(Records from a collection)
━━━━━━━━━━

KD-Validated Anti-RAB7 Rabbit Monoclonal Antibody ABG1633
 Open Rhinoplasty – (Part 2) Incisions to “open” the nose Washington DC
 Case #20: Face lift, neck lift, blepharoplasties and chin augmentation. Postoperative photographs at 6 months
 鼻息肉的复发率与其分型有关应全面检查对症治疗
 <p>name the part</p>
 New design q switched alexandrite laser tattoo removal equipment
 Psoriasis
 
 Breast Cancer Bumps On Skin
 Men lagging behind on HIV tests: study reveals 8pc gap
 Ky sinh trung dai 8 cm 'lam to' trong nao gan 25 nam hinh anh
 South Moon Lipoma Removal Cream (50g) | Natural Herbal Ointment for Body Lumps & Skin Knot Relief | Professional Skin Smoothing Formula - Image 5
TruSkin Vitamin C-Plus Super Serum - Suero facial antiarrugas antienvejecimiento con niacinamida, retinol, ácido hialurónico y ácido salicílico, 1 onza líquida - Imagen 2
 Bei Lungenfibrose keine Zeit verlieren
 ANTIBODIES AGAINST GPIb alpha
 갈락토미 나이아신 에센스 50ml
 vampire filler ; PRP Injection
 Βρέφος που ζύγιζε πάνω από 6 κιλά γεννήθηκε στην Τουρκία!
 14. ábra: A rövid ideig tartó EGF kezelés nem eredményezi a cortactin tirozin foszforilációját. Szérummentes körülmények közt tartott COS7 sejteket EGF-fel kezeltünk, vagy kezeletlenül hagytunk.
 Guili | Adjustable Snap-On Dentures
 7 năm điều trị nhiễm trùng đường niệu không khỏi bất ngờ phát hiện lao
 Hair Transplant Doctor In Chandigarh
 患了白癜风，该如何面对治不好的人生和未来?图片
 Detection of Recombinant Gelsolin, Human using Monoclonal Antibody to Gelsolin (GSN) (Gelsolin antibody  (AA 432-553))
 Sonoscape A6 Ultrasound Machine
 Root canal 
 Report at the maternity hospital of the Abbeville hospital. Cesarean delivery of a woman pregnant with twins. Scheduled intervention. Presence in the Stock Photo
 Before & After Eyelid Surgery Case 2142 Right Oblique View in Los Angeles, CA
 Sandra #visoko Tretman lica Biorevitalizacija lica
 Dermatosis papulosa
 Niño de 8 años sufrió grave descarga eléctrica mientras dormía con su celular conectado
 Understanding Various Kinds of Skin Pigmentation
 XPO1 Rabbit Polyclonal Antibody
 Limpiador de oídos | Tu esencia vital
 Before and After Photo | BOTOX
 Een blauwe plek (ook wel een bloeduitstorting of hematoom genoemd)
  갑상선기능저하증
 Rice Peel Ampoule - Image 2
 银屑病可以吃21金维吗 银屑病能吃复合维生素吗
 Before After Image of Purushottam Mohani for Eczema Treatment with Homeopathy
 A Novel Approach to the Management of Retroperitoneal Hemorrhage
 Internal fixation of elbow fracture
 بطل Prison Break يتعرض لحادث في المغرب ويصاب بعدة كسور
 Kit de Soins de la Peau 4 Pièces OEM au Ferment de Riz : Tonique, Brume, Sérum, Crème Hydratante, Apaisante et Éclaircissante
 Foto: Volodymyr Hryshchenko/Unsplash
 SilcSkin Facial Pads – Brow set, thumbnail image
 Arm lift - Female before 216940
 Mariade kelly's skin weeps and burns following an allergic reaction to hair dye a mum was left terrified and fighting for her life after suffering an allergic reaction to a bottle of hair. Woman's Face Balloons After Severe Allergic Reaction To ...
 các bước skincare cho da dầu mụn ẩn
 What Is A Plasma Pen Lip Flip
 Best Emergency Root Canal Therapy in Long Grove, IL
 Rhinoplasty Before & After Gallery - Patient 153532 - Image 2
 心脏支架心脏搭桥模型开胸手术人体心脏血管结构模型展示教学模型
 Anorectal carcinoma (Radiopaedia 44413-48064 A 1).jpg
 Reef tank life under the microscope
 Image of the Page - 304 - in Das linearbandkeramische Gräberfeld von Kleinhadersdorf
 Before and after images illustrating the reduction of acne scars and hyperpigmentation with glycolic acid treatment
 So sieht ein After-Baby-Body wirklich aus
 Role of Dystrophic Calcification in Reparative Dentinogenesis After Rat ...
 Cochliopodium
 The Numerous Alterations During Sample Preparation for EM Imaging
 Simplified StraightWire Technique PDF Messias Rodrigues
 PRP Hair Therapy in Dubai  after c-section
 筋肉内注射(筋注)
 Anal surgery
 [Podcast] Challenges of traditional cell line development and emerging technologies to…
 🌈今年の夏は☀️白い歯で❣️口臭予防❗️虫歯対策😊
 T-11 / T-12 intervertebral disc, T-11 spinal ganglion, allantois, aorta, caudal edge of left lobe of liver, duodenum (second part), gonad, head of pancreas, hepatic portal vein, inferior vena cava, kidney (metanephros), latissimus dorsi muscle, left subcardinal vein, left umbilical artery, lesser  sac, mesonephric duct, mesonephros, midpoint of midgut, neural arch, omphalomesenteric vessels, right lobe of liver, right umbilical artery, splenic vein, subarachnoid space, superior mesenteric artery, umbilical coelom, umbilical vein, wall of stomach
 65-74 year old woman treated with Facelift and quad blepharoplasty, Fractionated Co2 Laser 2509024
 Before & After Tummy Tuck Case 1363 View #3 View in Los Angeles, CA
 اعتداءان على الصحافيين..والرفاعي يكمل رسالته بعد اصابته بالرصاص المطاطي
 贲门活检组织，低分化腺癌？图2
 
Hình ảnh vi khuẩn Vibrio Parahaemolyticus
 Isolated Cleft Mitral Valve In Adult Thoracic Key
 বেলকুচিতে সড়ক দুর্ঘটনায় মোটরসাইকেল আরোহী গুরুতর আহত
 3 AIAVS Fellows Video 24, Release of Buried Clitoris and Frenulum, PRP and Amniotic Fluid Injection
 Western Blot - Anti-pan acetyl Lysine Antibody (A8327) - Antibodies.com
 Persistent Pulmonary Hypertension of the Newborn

━━━━━━━━━━

The response must consist solely of the lines from the top of the records through the line holding "7 năm điều trị", copied word for word.

= Final answer =
KD-Validated Anti-RAB7 Rabbit Monoclonal Antibody ABG1633
 Open Rhinoplasty – (Part 2) Incisions to “open” the nose Washington DC
 Case #20: Face lift, neck lift, blepharoplasties and chin augmentation. Postoperative photographs at 6 months
 鼻息肉的复发率与其分型有关应全面检查对症治疗
 <p>name the part</p>
 New design q switched alexandrite laser tattoo removal equipment
 Psoriasis
 
 Breast Cancer Bumps On Skin
 Men lagging behind on HIV tests: study reveals 8pc gap
 Ky sinh trung dai 8 cm 'lam to' trong nao gan 25 nam hinh anh
 South Moon Lipoma Removal Cream (50g) | Natural Herbal Ointment for Body Lumps & Skin Knot Relief | Professional Skin Smoothing Formula - Image 5
TruSkin Vitamin C-Plus Super Serum - Suero facial antiarrugas antienvejecimiento con niacinamida, retinol, ácido hialurónico y ácido salicílico, 1 onza líquida - Imagen 2
 Bei Lungenfibrose keine Zeit verlieren
 ANTIBODIES AGAINST GPIb alpha
 갈락토미 나이아신 에센스 50ml
 vampire filler ; PRP Injection
 Βρέφος που ζύγιζε πάνω από 6 κιλά γεννήθηκε στην Τουρκία!
 14. ábra: A rövid ideig tartó EGF kezelés nem eredményezi a cortactin tirozin foszforilációját. Szérummentes körülmények közt tartott COS7 sejteket EGF-fel kezeltünk, vagy kezeletlenül hagytunk.
 Guili | Adjustable Snap-On Dentures
 7 năm điều trị nhiễm trùng đường niệu không khỏi bất ngờ phát hiện lao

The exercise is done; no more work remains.